▶ [Assignment] With every mark kept, transcribe all of the records.

▶ [Records to process]
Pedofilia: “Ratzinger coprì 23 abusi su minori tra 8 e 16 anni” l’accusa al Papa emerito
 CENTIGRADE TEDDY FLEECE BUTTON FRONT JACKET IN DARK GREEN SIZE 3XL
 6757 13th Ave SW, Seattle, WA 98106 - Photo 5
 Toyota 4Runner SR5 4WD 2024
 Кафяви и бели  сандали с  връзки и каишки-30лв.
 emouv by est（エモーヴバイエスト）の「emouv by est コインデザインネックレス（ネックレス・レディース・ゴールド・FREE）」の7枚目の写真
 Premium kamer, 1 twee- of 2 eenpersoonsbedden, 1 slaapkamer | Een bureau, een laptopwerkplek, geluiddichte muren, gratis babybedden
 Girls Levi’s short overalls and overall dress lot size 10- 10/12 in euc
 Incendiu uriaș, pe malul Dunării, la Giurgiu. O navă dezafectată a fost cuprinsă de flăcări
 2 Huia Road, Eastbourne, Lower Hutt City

▶ [Result for this task]
Pedofilia: “Ratzinger coprì 23 abusi su minori tra 8 e 16 anni” l’accusa al Papa emerito
 CENTIGRADE TEDDY FLEECE BUTTON FRONT JACKET IN DARK GREEN SIZE 3XL
 6757 13th Ave SW, Seattle, WA 98106 - Photo 5
 Toyota 4Runner SR5 4WD 2024
 Кафяви и бели  сандали с  връзки и каишки-30лв.
 emouv by est（エモーヴバイエスト）の「emouv by est コインデザインネックレス（ネックレス・レディース・ゴールド・FREE）」の7枚目の写真
 Premium kamer, 1 twee- of 2 eenpersoonsbedden, 1 slaapkamer | Een bureau, een laptopwerkplek, geluiddichte muren, gratis babybedden
 Girls Levi’s short overalls and overall dress lot size 10- 10/12 in euc
 Incendiu uriaș, pe malul Dunării, la Giurgiu. O navă dezafectată a fost cuprinsă de flăcări
 2 Huia Road, Eastbourne, Lower Hutt City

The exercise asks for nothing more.